___ MATERIAL FOR THIS TASK

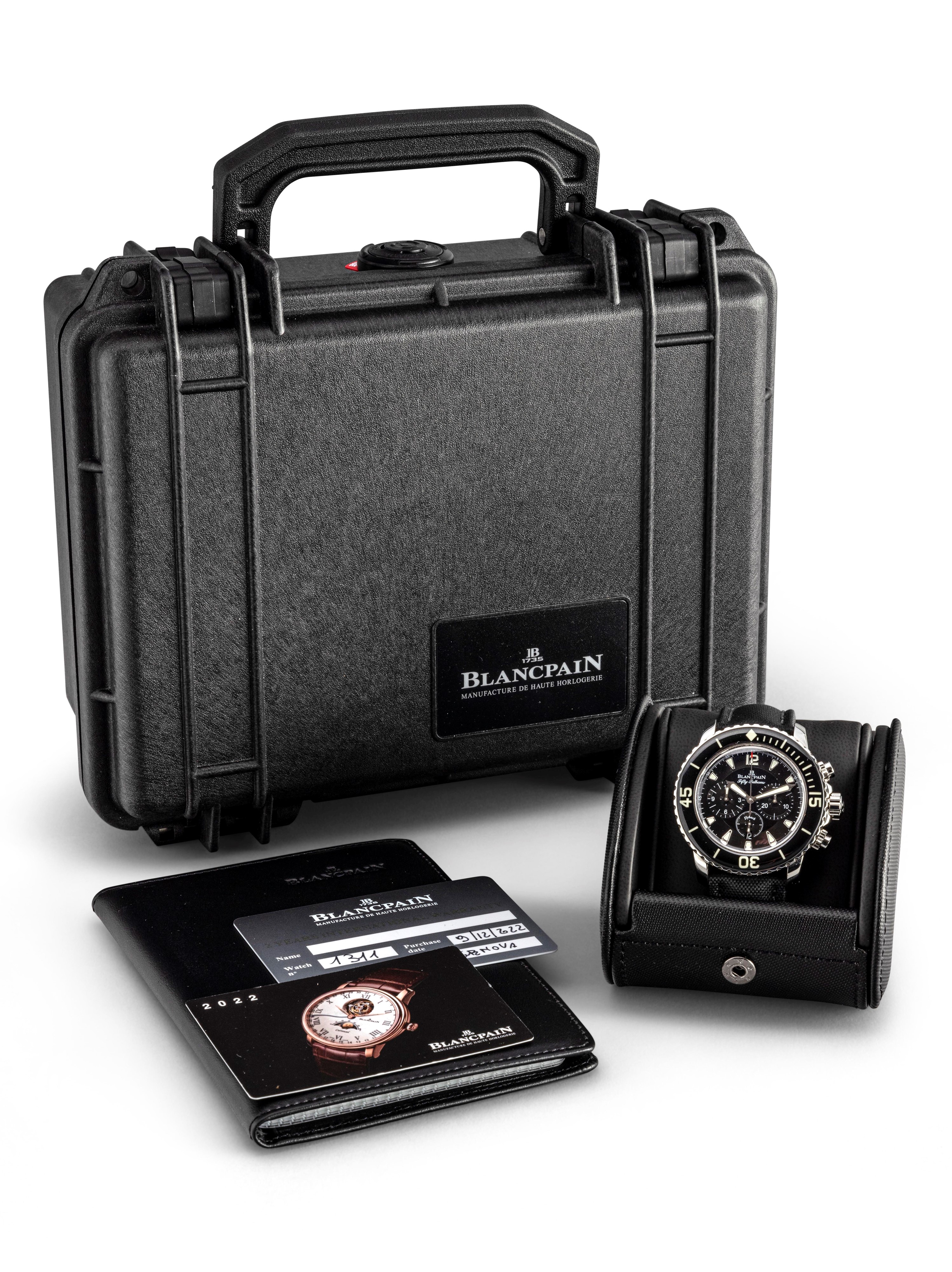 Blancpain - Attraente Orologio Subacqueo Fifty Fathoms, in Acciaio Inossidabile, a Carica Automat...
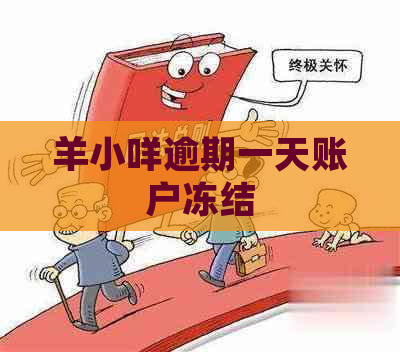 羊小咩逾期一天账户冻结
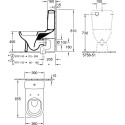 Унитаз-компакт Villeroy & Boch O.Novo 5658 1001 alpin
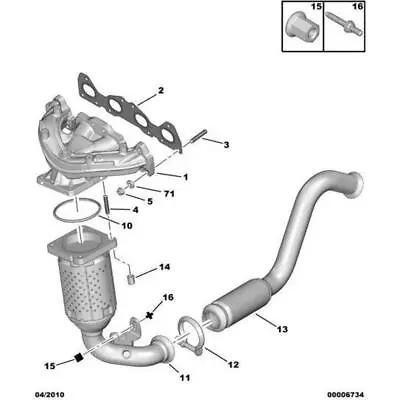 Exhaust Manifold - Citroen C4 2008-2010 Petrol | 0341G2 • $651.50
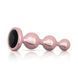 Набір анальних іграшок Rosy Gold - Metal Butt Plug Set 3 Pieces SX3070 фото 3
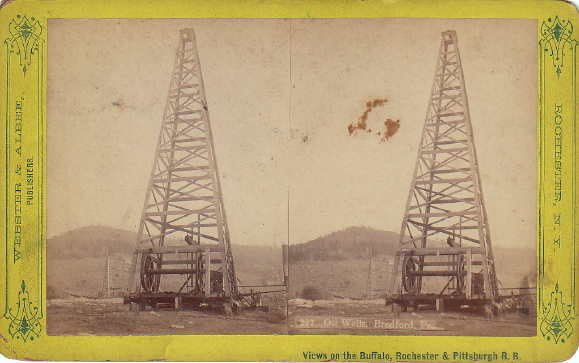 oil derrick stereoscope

______
___ MATERIAL FOR THIS TASK

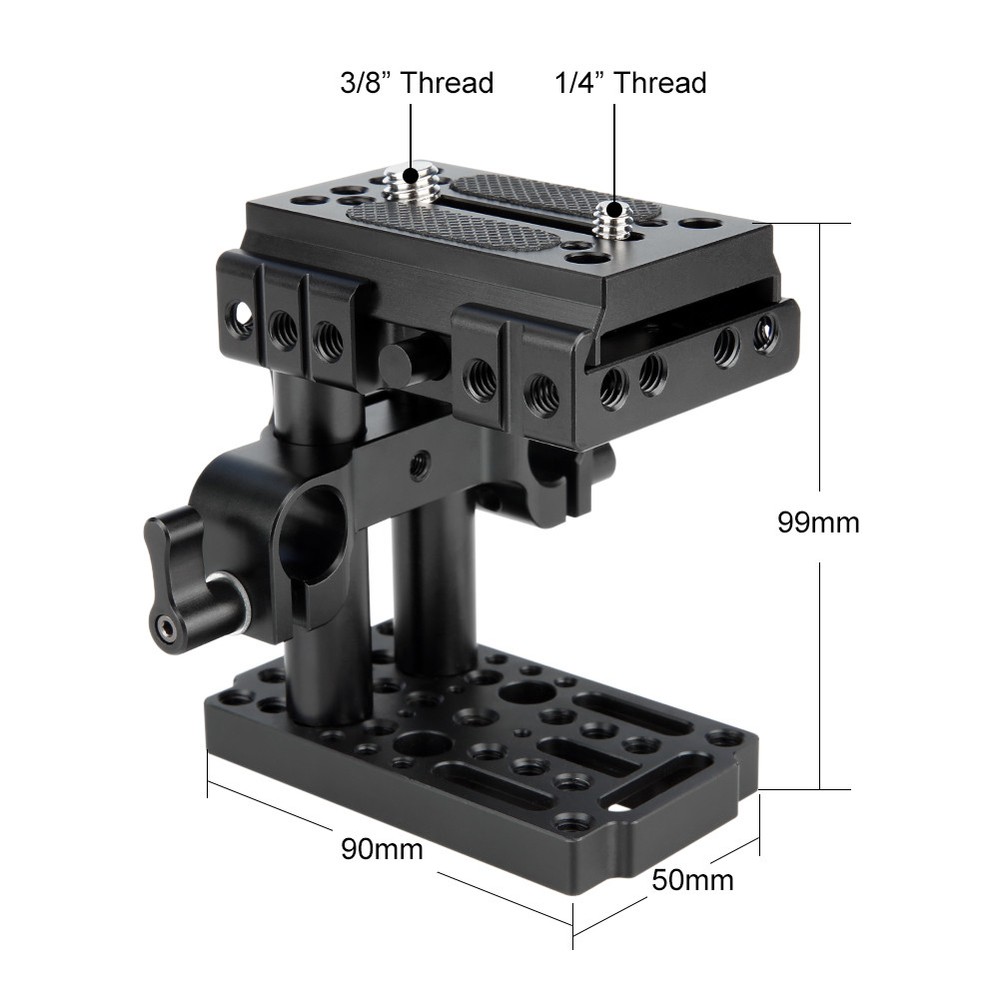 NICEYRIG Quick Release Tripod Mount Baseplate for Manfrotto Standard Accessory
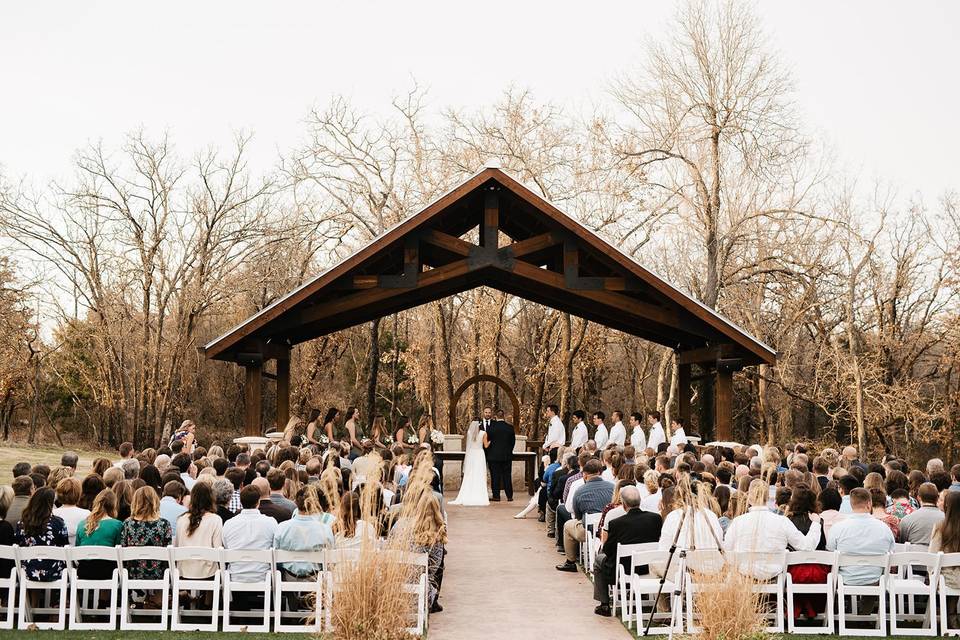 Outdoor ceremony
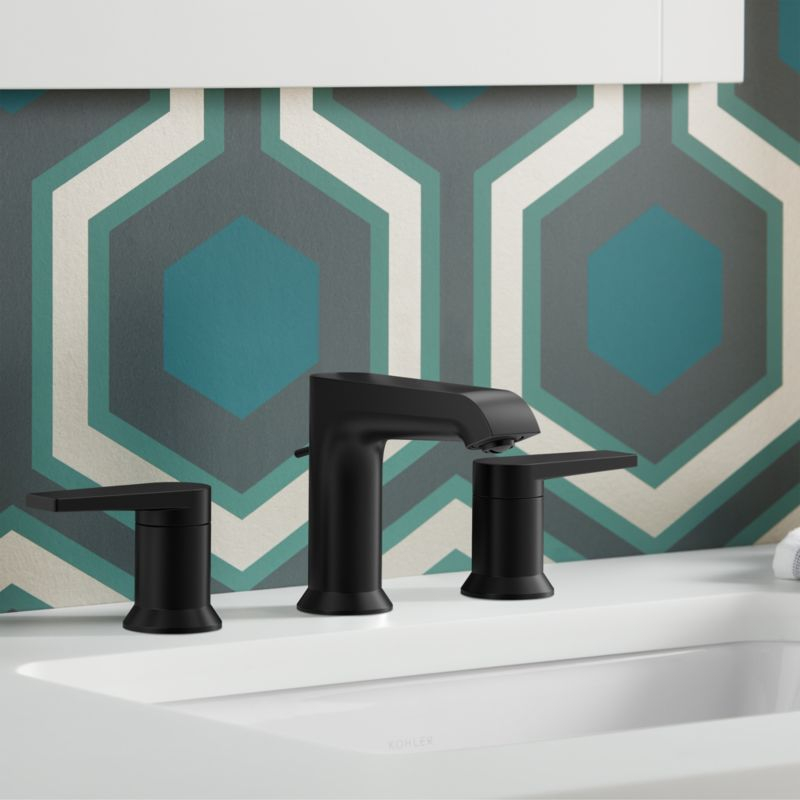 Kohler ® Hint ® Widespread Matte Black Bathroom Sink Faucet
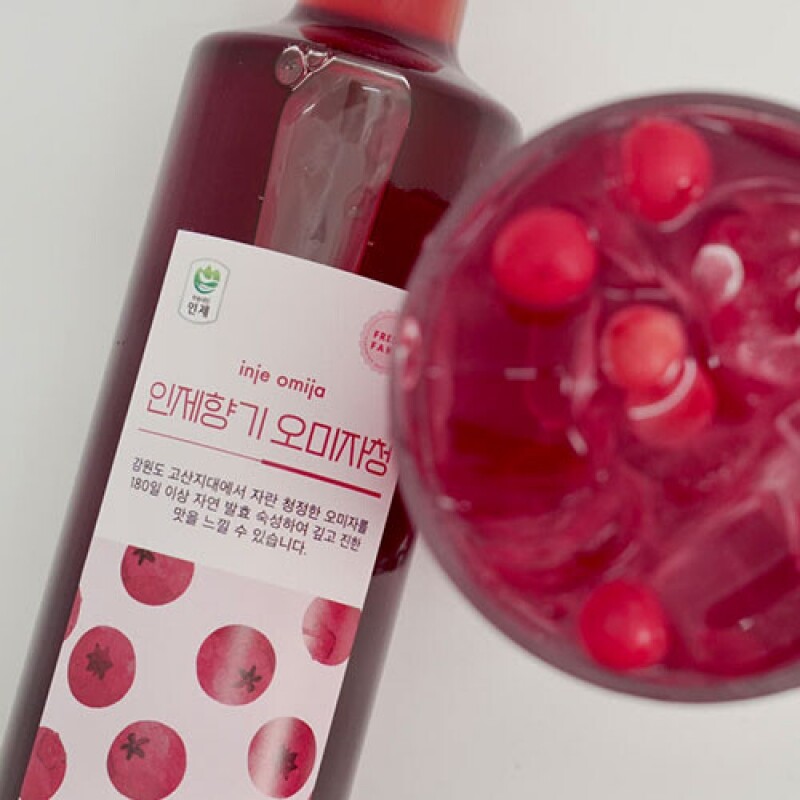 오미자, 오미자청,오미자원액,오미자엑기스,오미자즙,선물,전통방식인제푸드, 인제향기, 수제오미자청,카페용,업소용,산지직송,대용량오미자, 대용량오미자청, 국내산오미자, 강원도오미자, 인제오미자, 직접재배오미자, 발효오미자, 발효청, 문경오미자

______
___ MATERIAL FOR THIS TASK

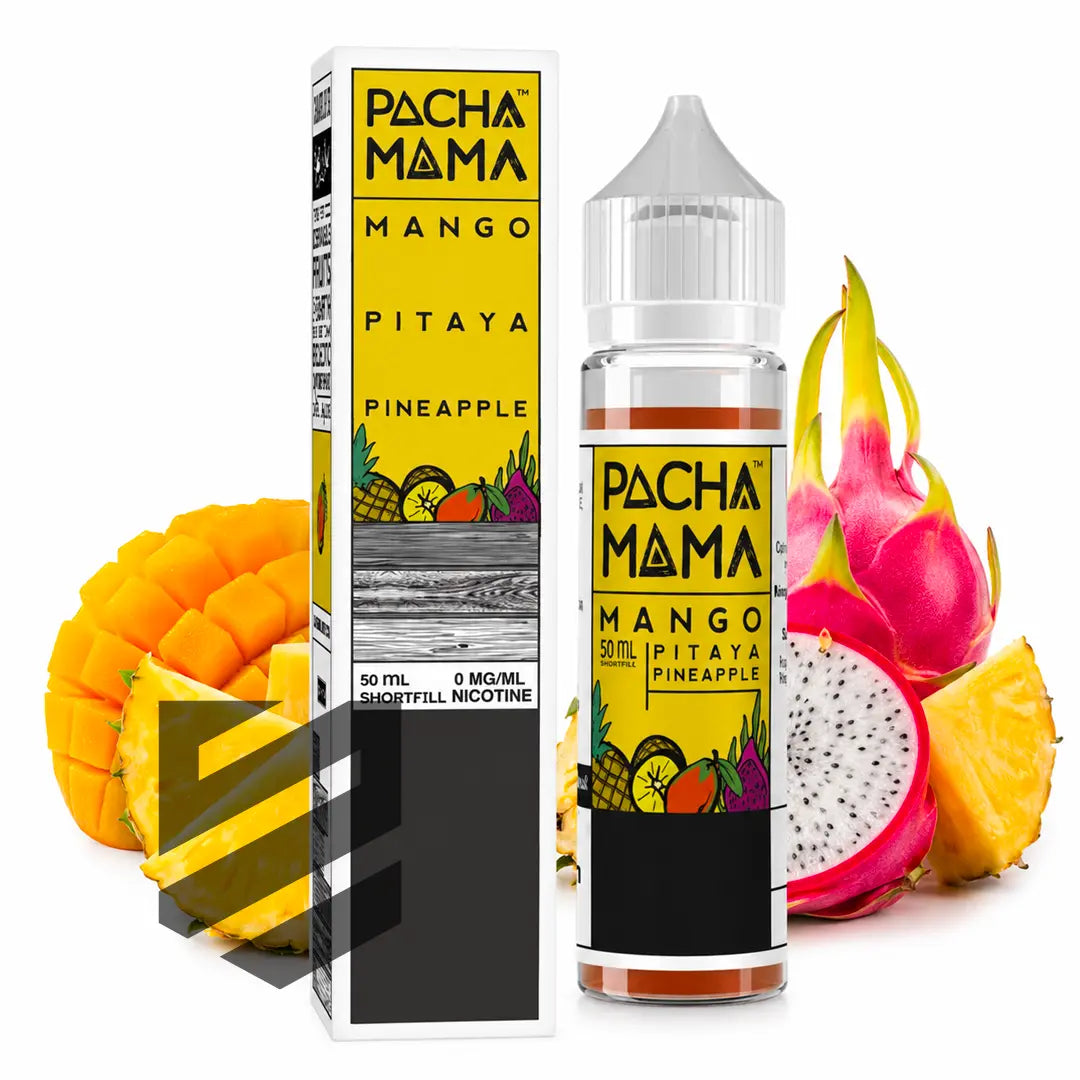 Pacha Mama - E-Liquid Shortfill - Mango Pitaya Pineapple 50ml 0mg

______

Please output, exactly as written, the lines above from the one holding "Kohler ® Hint" through the one holding "발효오미자, 발효청, 문경오미자", both included, with the pictures omitted.

 Kohler ® Hint ® Widespread Matte Black Bathroom Sink Faucet
 오미자, 오미자청,오미자원액,오미자엑기스,오미자즙,선물,전통방식인제푸드, 인제향기, 수제오미자청,카페용,업소용,산지직송,대용량오미자, 대용량오미자청, 국내산오미자, 강원도오미자, 인제오미자, 직접재배오미자, 발효오미자, 발효청, 문경오미자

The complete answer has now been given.